The findings point to the need for better efforts to prevent African-Americans from taking up smoking at an older age.

“Even though African-Americans start smoking later in life, they still die disproportionately from tobacco-related diseases compared to their white counterparts,” Gardiner says. “This information has been known for some time and calls upon all of us to redouble our efforts to allocate greater resources for prevention and cessation in the African-American community.”

Giovino and Gardiner co-authored a commentary in the supplement that, among other points, outlines a need for the FDA to ban menthol cigarettes, which are favored by blacks and marketed more heavily in African-American neighborhoods.

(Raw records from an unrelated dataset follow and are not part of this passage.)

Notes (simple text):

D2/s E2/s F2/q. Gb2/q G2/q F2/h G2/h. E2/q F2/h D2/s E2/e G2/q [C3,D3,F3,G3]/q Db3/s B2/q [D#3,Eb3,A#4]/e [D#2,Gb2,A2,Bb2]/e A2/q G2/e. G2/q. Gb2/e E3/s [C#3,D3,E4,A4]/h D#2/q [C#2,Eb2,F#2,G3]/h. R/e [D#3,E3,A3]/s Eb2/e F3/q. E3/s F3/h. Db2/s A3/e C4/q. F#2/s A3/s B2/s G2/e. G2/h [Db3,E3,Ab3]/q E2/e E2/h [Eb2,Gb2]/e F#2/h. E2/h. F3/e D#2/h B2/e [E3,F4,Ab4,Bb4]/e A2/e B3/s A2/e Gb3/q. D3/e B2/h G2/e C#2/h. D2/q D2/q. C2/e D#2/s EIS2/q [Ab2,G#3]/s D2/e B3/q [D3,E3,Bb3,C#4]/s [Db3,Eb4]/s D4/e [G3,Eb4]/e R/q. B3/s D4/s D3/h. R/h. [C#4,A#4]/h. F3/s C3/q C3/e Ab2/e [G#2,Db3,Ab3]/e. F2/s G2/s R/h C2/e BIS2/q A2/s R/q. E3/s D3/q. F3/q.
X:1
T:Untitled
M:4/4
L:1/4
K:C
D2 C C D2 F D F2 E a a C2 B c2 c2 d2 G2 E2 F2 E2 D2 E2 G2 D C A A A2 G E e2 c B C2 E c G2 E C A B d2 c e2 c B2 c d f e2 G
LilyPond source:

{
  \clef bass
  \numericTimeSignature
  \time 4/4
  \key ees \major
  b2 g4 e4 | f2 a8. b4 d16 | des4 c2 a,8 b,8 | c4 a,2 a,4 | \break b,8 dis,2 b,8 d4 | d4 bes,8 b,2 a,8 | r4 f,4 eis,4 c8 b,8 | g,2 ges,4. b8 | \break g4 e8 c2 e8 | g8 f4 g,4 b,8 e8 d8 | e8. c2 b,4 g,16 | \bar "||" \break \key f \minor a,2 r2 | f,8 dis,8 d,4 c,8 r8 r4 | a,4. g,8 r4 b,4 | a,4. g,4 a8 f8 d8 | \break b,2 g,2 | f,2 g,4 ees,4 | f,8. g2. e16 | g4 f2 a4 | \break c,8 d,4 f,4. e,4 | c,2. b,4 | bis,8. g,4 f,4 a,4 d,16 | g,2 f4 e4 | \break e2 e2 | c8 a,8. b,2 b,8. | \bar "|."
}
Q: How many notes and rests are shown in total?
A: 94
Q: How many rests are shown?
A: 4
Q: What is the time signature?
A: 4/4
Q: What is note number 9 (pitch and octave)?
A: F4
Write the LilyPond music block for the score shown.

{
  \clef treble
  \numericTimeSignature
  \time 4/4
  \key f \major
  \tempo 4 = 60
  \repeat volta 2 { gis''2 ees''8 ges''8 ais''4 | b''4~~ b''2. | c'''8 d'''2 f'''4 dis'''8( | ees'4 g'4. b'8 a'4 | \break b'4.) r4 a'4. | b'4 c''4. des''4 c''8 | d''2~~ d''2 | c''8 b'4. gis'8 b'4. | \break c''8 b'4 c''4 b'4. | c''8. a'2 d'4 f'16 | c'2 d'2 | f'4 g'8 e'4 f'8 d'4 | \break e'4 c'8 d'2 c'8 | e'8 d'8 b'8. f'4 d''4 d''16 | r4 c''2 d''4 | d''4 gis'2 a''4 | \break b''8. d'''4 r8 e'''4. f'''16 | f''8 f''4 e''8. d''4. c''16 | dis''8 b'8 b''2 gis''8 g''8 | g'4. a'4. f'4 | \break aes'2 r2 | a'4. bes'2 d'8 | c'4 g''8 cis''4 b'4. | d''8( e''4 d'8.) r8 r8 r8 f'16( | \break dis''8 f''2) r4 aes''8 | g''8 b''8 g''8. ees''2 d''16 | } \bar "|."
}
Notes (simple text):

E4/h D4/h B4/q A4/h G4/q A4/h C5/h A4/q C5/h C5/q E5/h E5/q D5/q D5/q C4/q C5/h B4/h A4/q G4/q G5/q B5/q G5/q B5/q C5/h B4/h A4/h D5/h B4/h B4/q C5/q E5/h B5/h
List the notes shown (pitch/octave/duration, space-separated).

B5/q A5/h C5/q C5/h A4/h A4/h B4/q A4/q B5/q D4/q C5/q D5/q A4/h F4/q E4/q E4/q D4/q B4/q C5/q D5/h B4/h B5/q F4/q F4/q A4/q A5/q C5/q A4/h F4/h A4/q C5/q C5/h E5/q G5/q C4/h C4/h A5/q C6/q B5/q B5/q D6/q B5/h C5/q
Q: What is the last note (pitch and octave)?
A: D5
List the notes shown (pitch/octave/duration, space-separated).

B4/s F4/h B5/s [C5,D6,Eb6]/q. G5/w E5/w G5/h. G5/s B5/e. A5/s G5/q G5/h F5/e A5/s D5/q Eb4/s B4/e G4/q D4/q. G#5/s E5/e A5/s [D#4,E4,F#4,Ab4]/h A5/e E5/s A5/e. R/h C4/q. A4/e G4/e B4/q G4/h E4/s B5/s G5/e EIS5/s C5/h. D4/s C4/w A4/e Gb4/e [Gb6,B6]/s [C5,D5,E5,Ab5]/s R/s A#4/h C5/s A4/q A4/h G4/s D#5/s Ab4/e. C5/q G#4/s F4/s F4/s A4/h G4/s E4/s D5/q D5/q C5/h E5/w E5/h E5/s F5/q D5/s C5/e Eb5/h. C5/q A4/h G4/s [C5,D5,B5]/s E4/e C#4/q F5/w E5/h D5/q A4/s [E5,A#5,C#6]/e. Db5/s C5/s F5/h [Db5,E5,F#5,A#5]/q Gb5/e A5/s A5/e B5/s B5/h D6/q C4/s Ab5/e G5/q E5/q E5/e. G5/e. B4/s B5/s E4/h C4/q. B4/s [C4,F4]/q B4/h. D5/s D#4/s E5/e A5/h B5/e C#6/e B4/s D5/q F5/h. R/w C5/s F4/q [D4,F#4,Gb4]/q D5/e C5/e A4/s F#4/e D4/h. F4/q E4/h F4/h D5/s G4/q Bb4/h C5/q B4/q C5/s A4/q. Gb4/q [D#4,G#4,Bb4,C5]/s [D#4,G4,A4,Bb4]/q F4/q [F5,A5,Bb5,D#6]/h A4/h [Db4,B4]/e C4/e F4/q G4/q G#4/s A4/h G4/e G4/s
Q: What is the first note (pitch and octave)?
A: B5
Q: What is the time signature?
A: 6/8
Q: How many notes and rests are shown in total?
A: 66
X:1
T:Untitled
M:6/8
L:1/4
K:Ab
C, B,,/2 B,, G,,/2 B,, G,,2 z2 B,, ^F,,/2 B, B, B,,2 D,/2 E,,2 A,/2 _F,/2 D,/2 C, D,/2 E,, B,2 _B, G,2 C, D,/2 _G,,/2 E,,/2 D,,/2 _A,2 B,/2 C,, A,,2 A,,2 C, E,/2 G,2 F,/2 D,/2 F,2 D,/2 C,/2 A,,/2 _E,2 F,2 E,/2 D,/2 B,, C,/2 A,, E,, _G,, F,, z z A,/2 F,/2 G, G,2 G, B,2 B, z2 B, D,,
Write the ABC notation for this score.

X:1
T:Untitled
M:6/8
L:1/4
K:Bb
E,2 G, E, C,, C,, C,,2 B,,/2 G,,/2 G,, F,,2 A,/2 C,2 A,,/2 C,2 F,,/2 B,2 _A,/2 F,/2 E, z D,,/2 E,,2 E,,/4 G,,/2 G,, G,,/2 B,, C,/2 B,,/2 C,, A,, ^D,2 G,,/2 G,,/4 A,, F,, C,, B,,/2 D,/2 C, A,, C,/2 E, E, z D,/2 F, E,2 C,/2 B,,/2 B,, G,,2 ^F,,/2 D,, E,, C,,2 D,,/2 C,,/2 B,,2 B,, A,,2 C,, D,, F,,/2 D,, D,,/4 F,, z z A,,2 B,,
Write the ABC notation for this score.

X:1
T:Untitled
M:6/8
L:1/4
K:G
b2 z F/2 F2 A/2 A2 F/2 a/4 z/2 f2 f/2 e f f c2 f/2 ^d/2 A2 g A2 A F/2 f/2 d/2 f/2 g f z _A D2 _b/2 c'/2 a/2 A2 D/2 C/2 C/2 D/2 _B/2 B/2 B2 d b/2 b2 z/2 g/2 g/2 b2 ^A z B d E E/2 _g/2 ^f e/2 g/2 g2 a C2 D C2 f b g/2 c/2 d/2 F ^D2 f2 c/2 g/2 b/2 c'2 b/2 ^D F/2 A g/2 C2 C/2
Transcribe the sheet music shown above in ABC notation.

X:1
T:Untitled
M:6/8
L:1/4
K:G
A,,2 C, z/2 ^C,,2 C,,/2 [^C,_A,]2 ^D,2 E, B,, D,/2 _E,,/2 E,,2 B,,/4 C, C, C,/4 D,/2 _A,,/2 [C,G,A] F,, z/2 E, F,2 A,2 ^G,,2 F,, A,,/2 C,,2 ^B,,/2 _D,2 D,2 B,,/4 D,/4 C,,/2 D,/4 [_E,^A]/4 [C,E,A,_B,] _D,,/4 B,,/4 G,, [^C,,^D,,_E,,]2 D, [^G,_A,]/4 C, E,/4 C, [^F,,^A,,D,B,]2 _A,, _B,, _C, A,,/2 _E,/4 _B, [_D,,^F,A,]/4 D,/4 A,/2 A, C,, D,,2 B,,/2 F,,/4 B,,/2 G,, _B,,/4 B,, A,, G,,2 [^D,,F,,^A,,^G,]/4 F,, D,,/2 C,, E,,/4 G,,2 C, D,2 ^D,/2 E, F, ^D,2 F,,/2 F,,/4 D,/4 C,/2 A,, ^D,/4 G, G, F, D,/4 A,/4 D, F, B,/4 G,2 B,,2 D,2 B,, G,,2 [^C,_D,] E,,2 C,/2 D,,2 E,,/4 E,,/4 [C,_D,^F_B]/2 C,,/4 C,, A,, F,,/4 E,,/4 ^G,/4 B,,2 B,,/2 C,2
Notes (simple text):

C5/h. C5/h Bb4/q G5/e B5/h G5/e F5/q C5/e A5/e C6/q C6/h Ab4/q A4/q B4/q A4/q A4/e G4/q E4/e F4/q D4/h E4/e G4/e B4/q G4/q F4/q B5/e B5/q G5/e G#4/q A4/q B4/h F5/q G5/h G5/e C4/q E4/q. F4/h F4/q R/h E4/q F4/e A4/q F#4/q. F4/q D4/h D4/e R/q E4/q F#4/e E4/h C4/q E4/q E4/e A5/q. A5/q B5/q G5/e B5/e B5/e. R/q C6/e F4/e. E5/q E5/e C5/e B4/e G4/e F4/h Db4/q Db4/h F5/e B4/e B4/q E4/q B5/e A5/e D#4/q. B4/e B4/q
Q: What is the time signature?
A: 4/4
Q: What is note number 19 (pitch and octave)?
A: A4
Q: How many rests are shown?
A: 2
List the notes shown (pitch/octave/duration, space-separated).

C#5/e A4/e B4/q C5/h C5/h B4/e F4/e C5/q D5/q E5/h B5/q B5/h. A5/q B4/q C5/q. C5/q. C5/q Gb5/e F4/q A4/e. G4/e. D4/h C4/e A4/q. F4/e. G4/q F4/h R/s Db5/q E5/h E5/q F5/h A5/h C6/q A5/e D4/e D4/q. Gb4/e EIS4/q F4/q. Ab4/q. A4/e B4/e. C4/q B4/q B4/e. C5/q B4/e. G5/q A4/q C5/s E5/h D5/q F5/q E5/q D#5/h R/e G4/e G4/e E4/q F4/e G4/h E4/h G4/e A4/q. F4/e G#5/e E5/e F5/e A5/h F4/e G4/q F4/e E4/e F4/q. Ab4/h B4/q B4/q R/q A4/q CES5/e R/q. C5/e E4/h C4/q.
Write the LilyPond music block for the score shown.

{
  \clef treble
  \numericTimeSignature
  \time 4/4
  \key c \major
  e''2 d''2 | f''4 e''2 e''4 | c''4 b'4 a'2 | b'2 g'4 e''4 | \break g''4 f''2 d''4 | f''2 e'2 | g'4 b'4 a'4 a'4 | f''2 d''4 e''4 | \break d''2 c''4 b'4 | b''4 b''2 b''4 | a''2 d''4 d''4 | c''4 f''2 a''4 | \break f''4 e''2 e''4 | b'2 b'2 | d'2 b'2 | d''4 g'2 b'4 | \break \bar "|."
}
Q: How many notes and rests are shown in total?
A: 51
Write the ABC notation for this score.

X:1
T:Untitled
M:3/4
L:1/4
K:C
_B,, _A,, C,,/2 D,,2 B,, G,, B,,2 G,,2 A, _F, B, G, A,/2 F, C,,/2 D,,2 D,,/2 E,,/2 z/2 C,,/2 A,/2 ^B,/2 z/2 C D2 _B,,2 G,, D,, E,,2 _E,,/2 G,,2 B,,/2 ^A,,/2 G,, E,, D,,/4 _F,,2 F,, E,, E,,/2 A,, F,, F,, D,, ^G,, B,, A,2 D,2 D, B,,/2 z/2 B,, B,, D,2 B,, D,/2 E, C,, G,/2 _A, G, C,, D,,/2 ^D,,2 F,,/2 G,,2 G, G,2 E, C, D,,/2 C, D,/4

“The predatory marketing of menthol and other candy-flavored tobacco products to African-Americans over the past 50 years is a tragedy,” adds Gardiner. “More than 80 percent of black smokers use these products. A major step in fighting smoking health disparities would be for the FDA to ban the use of menthol in tobacco products.”

The supplement includes a literature review on smoking cessation among African-American and white smokers authored by Jessica A. Kulak, a PhD student in UB’s Department of Community Health and Health Behavior.